Queda media docena de tomates verdes en las matas, pero esta mañana nos hemos levantado con tres grados centígrados y no está nada claro que puedan madurar. Son días de hacer salsa de tomate, de comerlos crudos con cualquier pretexto. Los rosas de Barbastro han hecho honor a su fama de gordos y lustrosos, como alimentados con piensos compuestos, y los de corazón de buey a su aspecto animado.
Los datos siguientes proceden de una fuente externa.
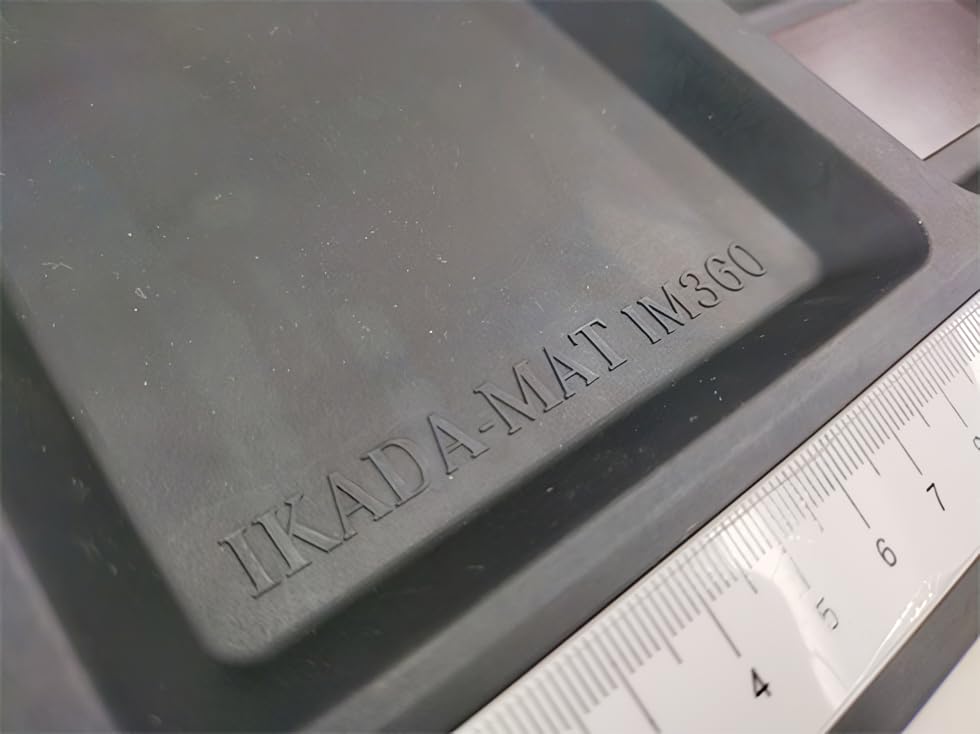 Kurodai Kobo Ikada Mat IM-360DX with Rod Stand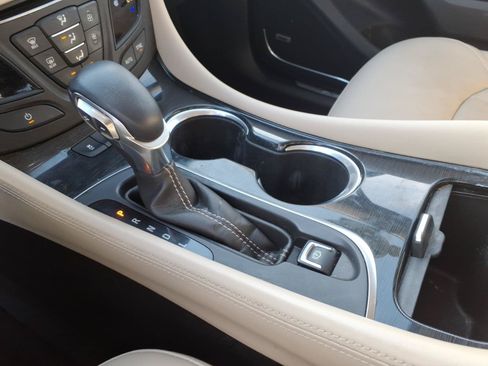 Used 2016 Buick Envision Premium AWD/4WD image 16
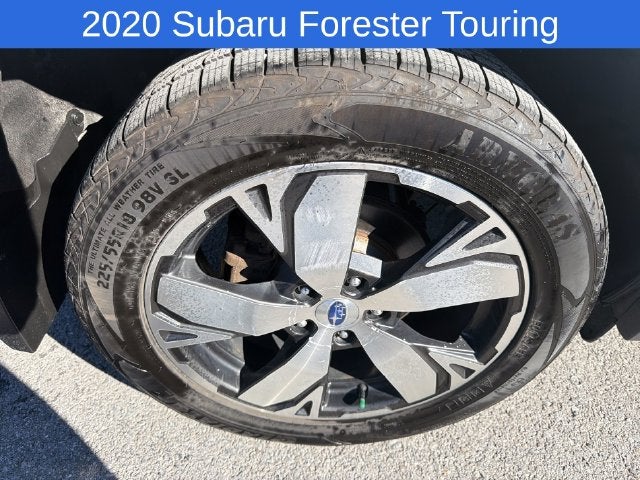 2020 Subaru Forester Touring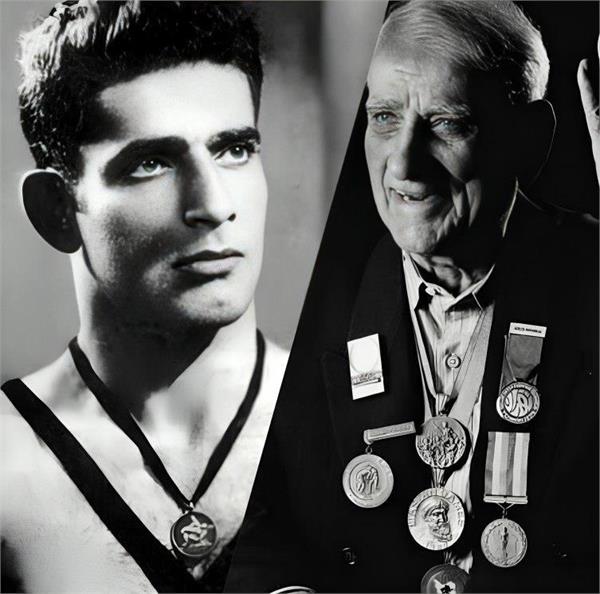 Iranian Sport Mourns for the Absence of Wrestling Myth Emamali Habibi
Yo casi prefiero estos últimos, exquisitos en su negación de la tersura, irregulares, lobulados, asimétricos, protuberantes, cada tomate una forma individual de crecimiento, hasta el punto de que, cuando sale alguno de proporciones paradigmáticas, ovoides, carnosos, estriados, sin esa tirantez botulímica de los tomates del mercado, uno tiende a admirarlo pero no a pensar en él, como sí sucede con las formas que adquieren cuando crecen más por un hemisferio que por otro. Los irregulares me parecen más cercanos, como me pasa con todo en la vida.
Eso sí, el rojo carmín del corazón de buey no lo tienen los de Barbastro. Es un rojo muy hecho, una lenta concentración de rojo. Cuando les da el sol toman el brillo de los estucos pompeyanos (ese rojo violento que le salió a las paredes ocre cuando entró en erupción el Vesubio), y cuando les hacemos una foto, al igualar luego las luces queman de escarlata la pantalla. Pero a la luz del día es un rojo sangre, camino de la púrpura, un rojo serio y profundo de procesión zamorana. El rojo que utiliza Sánchez Cotán en Bodegón con flores, hortalizas y un cesto de cerezas, el último que se ha aceptado como auténtico, hace bien poco tiempo, es un rojo más terroso, teñido de ocre, igualado con los tonos de las verduras pero llamativo como las flores. Y aun así yo no veo a Cotán utilizando el rojo, una de las varias razones que se me van acumulando para pensar que ese bodegón no es suyo.
El sabor se mezcla con el tacto. Al describirlo no damos con el punto exacto de dulzor y de acidez, que en el tomate van juntos pero no revueltos, sino que recurrimos a la sensación que nos produce su carnosidad, el hecho de que tras la pulpa blanda venga un jugo tan excitante. El tomate es lujurioso, delectable, una alegría, digo, excesiva para los hábitos de los cartujos, pero que da ese punto rollizo, como un recordatorio de la buena salud.